What the exercise asks: Repeat the records below word for word and omit each image.

Input data:

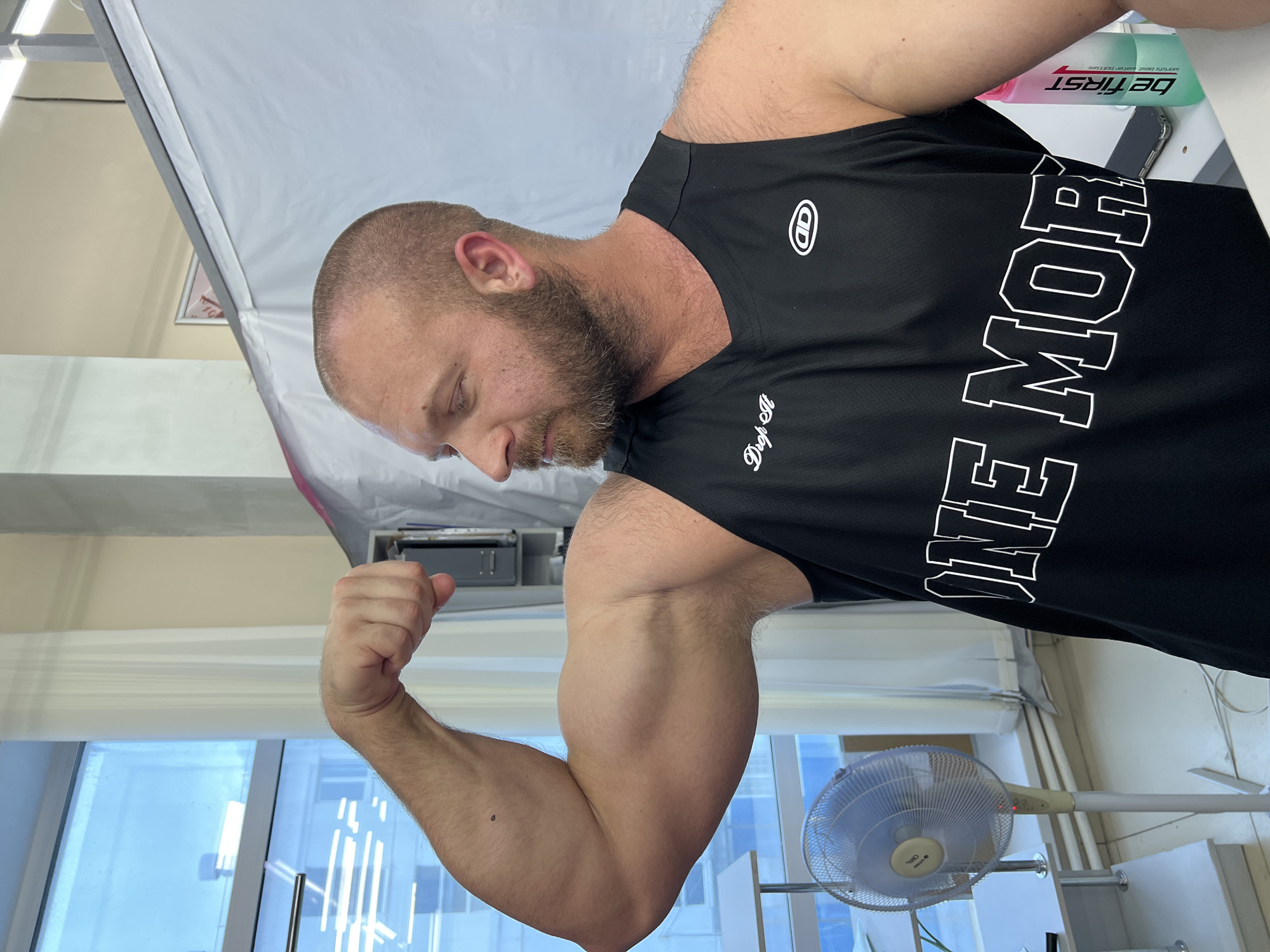 A man with a shaved head and beard flexes his bicep in an indoor setting, likely a room or studio. He is wearing a black tank top with white lettering that reads "ONE MOR." A floor fan is visible to his left, and a window with white curtains is behind him. A pink and green water bottle with the label "be first" is also present. The overall environment appears utilitarian. There is no indication of the specific location within the city of Chaikovsky, Russia.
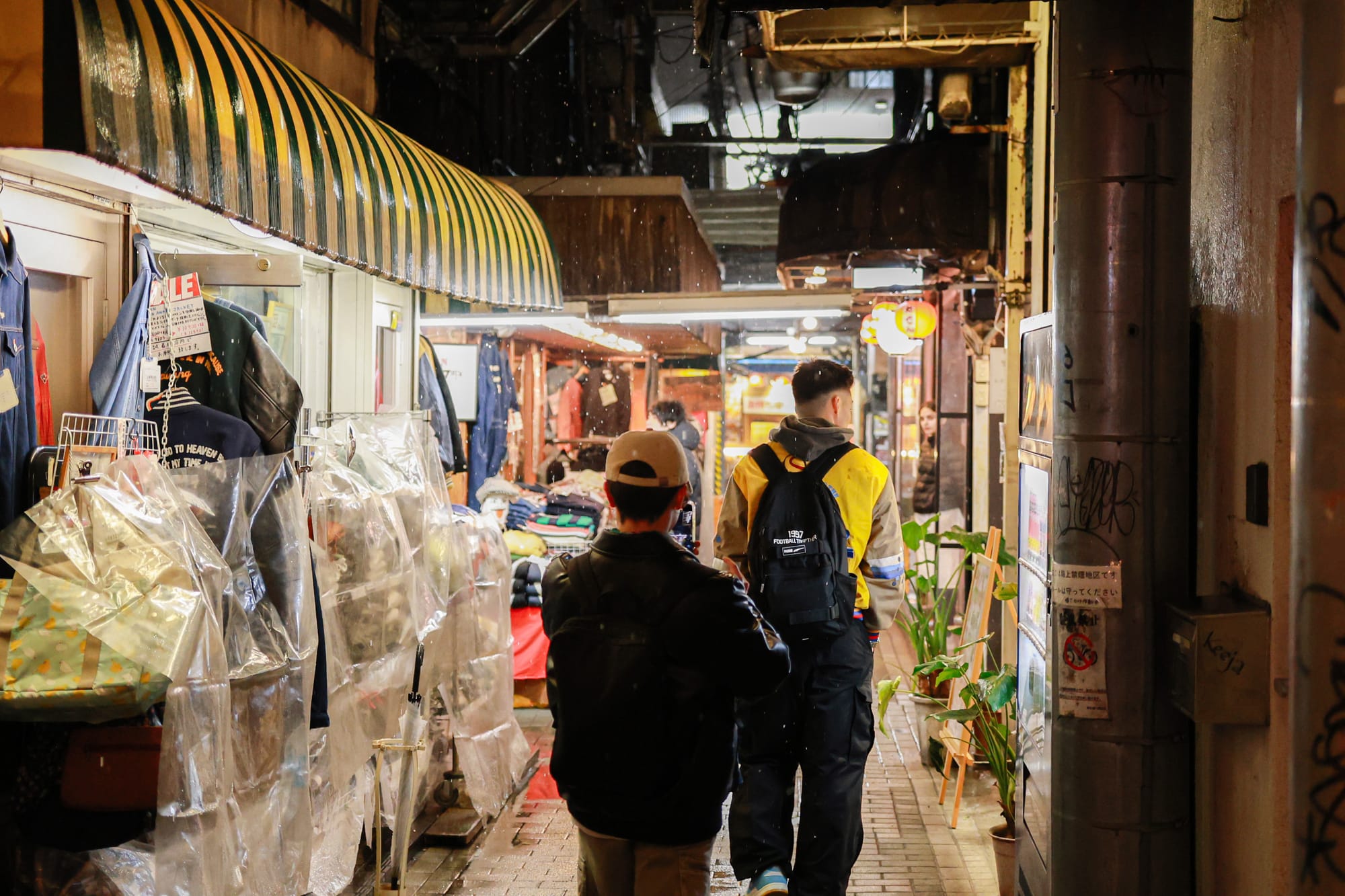 2 Japanese friends walking around a small street filled with shops and bars in Kichijoji, Tokyo.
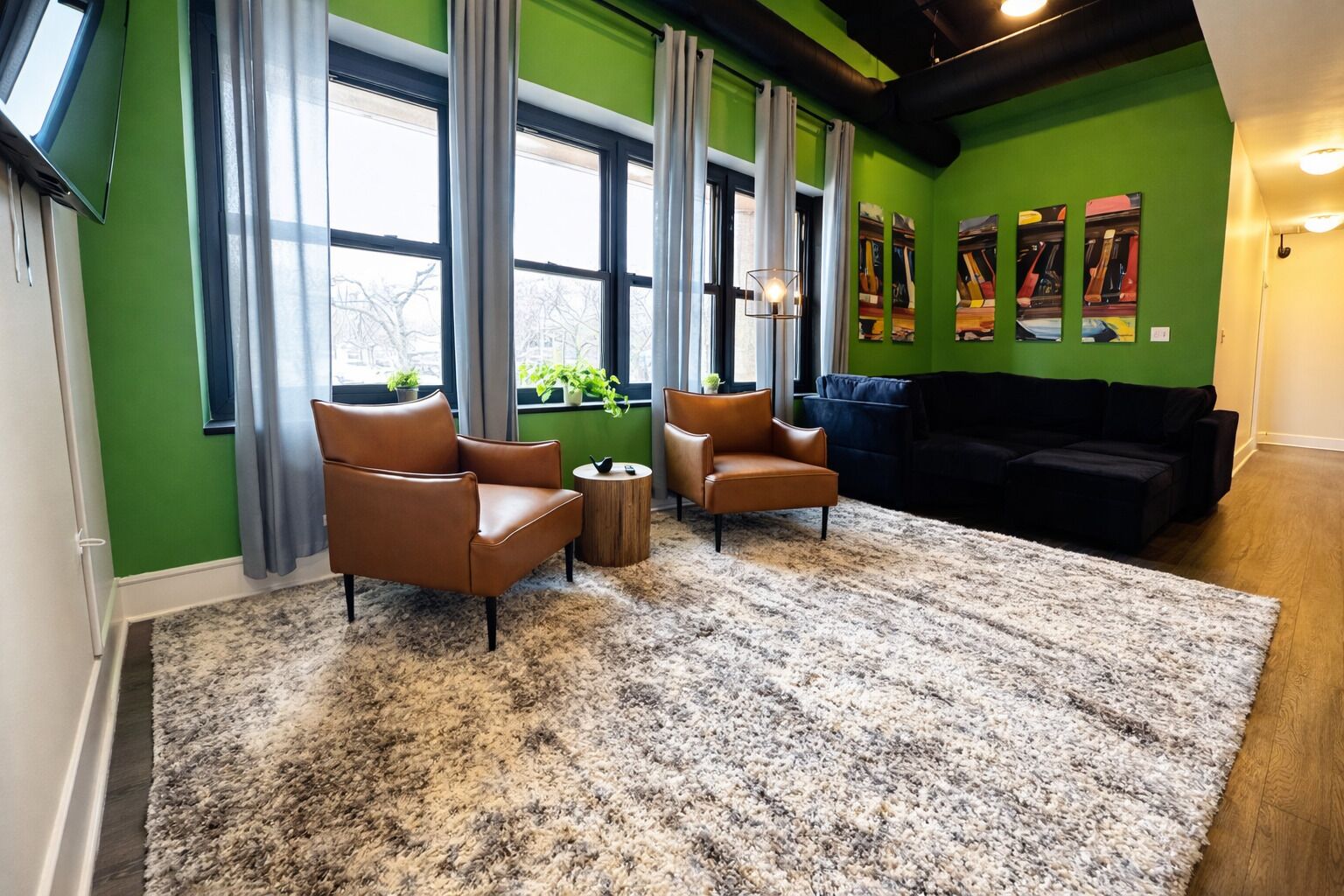 Un salon moderne avec des murs verts, de grandes fenêtres et un canapé noir.
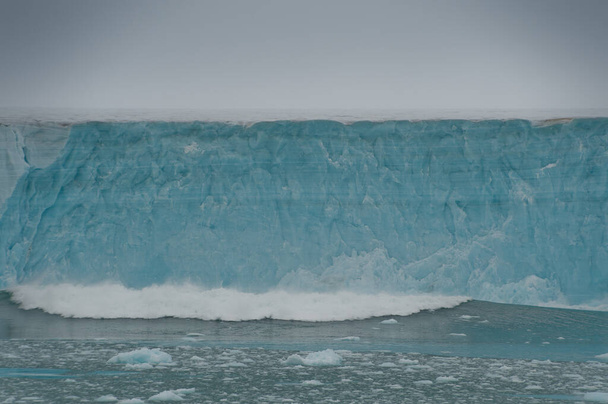 A huge piece of glacial ice wall has collapsed into sea causing a wave of ocean heading towards camera.Global warming .Climate Change. - Photo, image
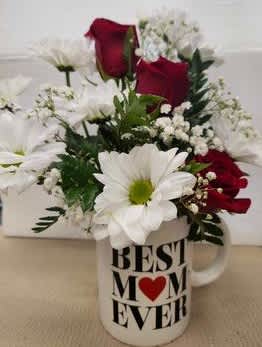 Red roses and white daisies arranged in a "Best Mom Ever" mug.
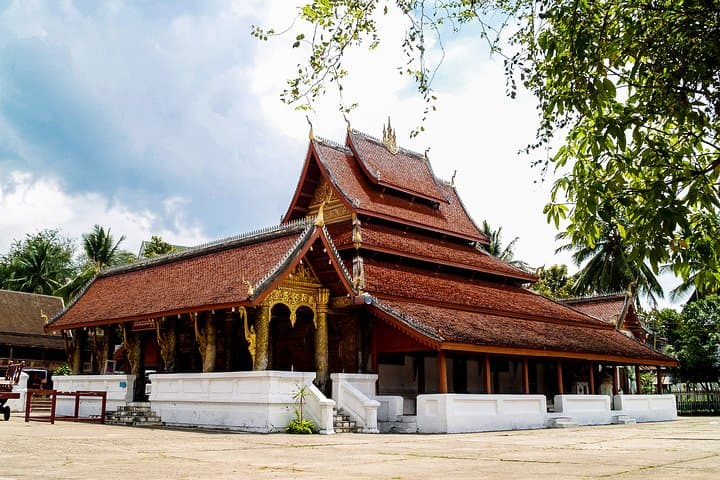 Essence of Luang Prabang: Half-Day Temple & Mount Phousi Tour photo 4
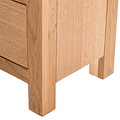 Surrey Oak 5 drawer tallboy chest of 5 drawers - Close up of  feet of tallboy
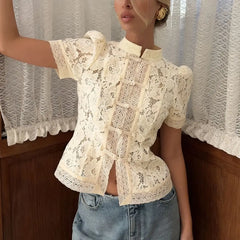 Woman wearing a white lace blouse with short sleeves and blue jeans in front of a curtain.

Solution for this task:
 A man with a shaved head and beard flexes his bicep in an indoor setting, likely a room or studio. He is wearing a black tank top with white lettering that reads "ONE MOR." A floor fan is visible to his left, and a window with white curtains is behind him. A pink and green water bottle with the label "be first" is also present. The overall environment appears utilitarian. There is no indication of the specific location within the city of Chaikovsky, Russia.
 2 Japanese friends walking around a small street filled with shops and bars in Kichijoji, Tokyo.
 Un salon moderne avec des murs verts, de grandes fenêtres et un canapé noir.
 A huge piece of glacial ice wall has collapsed into sea causing a wave of ocean heading towards camera.Global warming .Climate Change. - Photo, image
 Red roses and white daisies arranged in a "Best Mom Ever" mug.
 Essence of Luang Prabang: Half-Day Temple & Mount Phousi Tour photo 4
 Surrey Oak 5 drawer tallboy chest of 5 drawers - Close up of  feet of tallboy
 Woman wearing a white lace blouse with short sleeves and blue jeans in front of a curtain.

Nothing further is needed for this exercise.